Boot loader can mean a disc that is used to defeat anti-piracy measures on a video game console.

Modern video game consoles are programmed to only load discs that are commercially produced and licensed. If you wish to execute code that you or someone else wrote that isn't licensed, you need a disc that gets past that protection, and allows you to swap in your homebrew game or program.

One example of a console boot loader is the Utopia Boot Disc, which is was released by the Utopia warez group to allow copied or homebrewed Dreamcast games and programs to run.

A boot loader is a piece of software designed to load an operating system kernel during the process of booting a computer. On a PC, the boot loader is read from disk and generally loads the kernel from the disk, while on other computer architectures it may be built into the boot firmware. Most operating systems come with their own boot loader, but a few 'multiboot' boot loaders are available.

The boot loader is necessary due to a paradox inherent in starting a computer: computers run code; code must be loaded to be run; code is loaded by other code. This problem is sidestepped by the processor beginning execution at a particular memory location, and that location being used by firmware in ROM to provide an initial set of code. Unfortunately, modern operating systems are too large and change too often to be placed in ROM, hence a boot loader becomes necessary.

Most boot loaders are run by the initial firmware or BIOS, though there are exceptions. On some systems, including PCs, the boot loader, rather than being monolithic, can actually be a chain of boot loaders, each existing to load the next until the kernel is finally loadable. Whatever the form, the boot loader needs to read the kernel off of a disk or from a network, a task requiring reasonable complexity. Disk-based boot loaders must be able to operate the disk controller and read the filesystem which the kernel is stored under. Network-based boot loaders must be able to drive the network interface, initialize a network connection, and communicate via some network protocol with the boot server (usually TFTP or PXE).

On a PC, the boot loader is read off disk by the BIOS and handed control of the machine. The BIOS is limited in its ability to understand disk structures, so it merely hands control to a valid boot sector, the first sector of a bootable disk. Due to the BIOS's method of verifying that this sector is indeed intended to be a boot sector, the boot loader in this sector is limited to 512 bytes in length. This is not enough space to implement a proper filesystem driver or networking stack, so this boot loader instead loads a second stage from a known location on the disk which can be larger and thus more capable, although DOS loads directly from the boot sector.

This is more complicated on a partitioned device, such as a hard disk. Each partition, as well as the disk as a whole, has its own boot sector. The BIOS, knowing nothing of partitions, cannot pick out the boot sector of a partition. Thus, it falls to the main boot sector, or master boot record (MBR), to choose among the partitions. PC hard disks generally have simple MBRs that simply read the partition table to find the partition marked as "Active" or as the "boot partition", and load its boot sector to serve as the next boot loader stage. This does not always happen, as some more advanced boot loaders can also install into the MBR.

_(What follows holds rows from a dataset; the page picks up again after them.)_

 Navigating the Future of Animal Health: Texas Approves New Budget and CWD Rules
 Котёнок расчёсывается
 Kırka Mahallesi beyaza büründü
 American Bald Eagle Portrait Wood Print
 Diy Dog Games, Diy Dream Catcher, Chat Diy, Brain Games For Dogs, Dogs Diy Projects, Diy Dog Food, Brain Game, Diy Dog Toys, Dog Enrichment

On non-PC platforms, the hardware is often specifically built for a single operating system, so the boot loader can be built into the firmware. Many systems, including modern Macintosh computers, include the Open Firmware system that can serve as a boot loader. Older Macintoshes, Amigas, and Risc OS machines, among others, include significant parts of the operating system in ROM and thus do not need bootloaders in the same sense as more general computers.

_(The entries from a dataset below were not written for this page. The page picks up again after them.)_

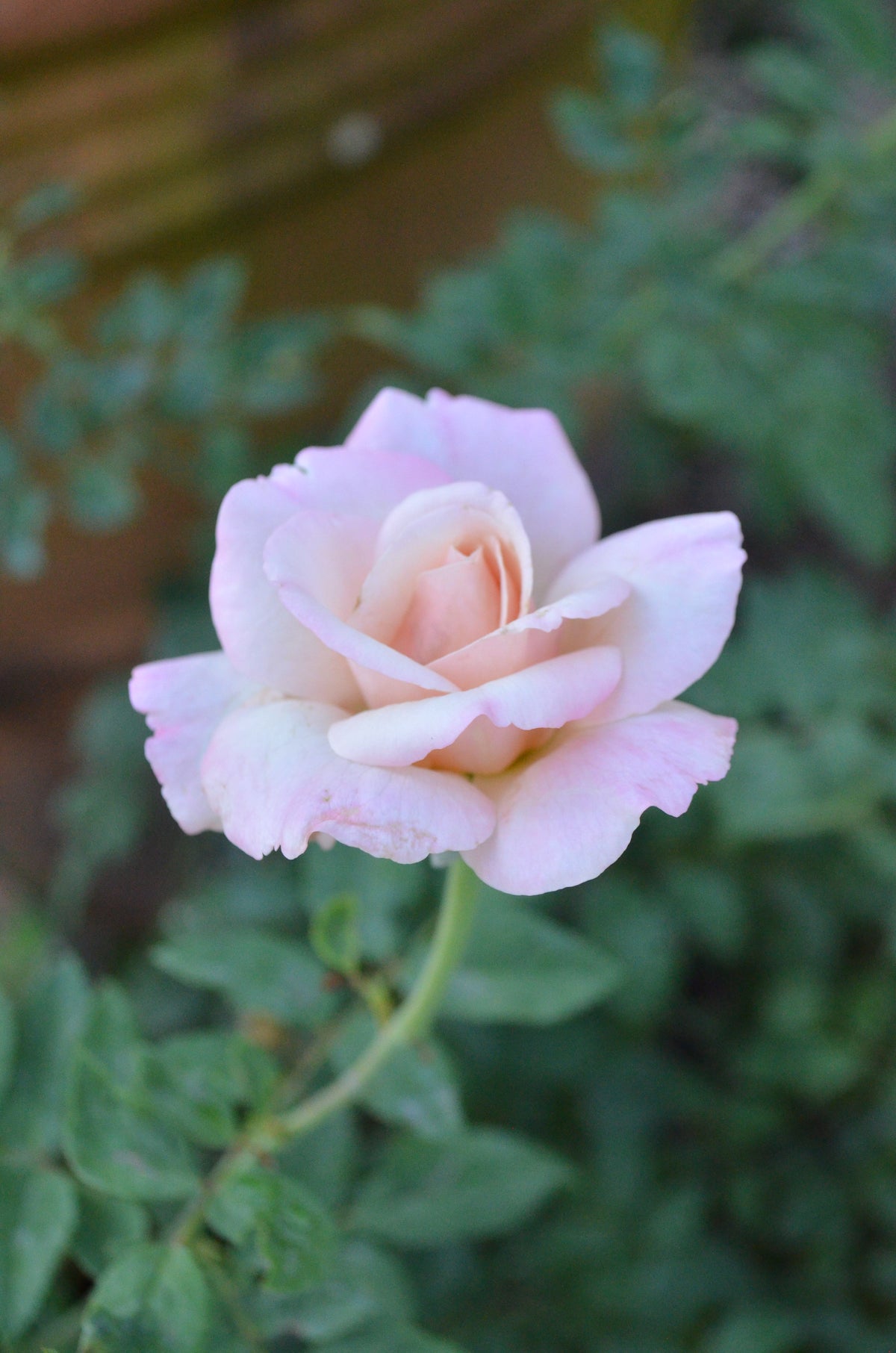 Belinda's Blush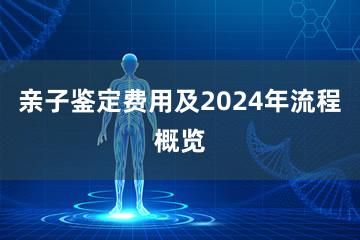 亲子鉴定费用及2024年流程概览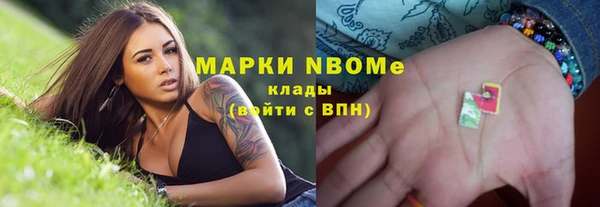 тгк Бородино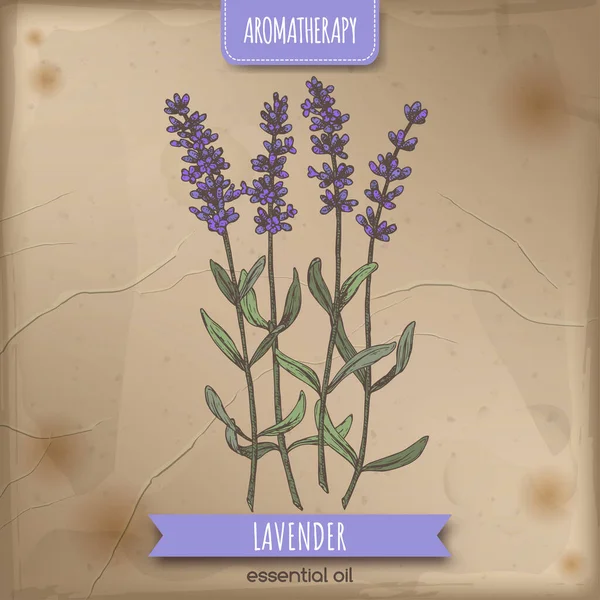 Lavender aka Lavandula angustifolia kleur schets op vintage achtergrond. — Stockvector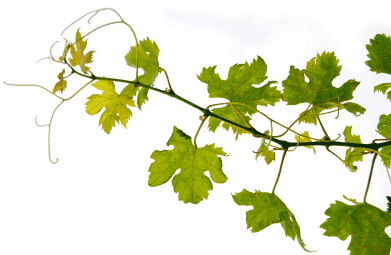 Download Vine Png - Grape Vine Png PNG Image with No Background ...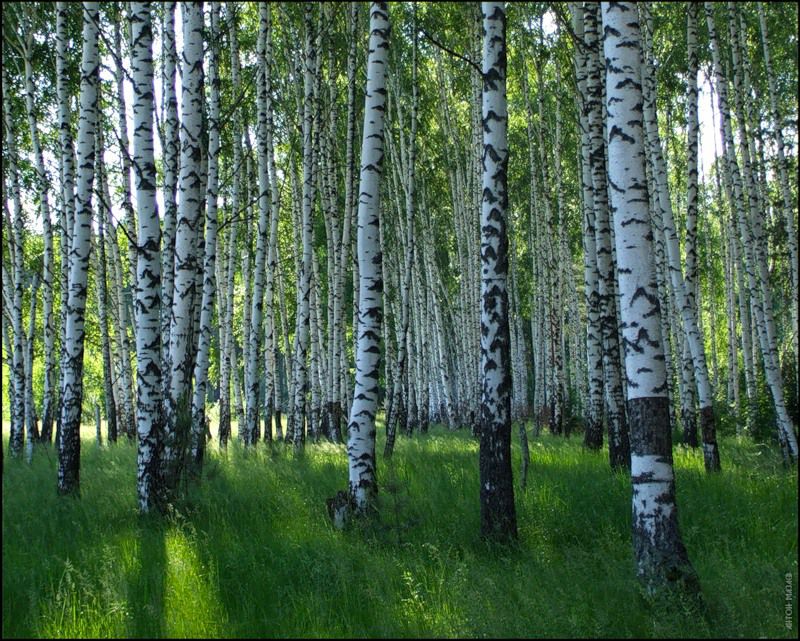 Береза одно из самых распространенных и любимых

The most common boot loaders on PCs are NTLDR, Microsoft's boot loader for their modern (Windows NT-based) operating systems; and GRUB, an advanced multiboot boot loader used with most newer Linux systems. Both of these can boot other operating systems by loading their respective boot loaders, GRUB being the more flexible by including a versatile command line similar in concept to Open Firmware. Other boot loaders used with the Linux kernel include the original Linux bootloader LILO, loadlin, which loads Linux kernels from DOS, SYSLINUX and its variants that are designed for boot floppies, LiveCDs, and other Linux boots that do not involve a hard disk, and yaboot, which works with Open Firmware to boot Linux on PowerPC systems.

The boot loader is an important, if relatively small, piece of software used to maintain the basic operation of a computer. While most users are content to take it for granted, the boot loader is important in itself for users of dual-boot systems, especially when such systems break down.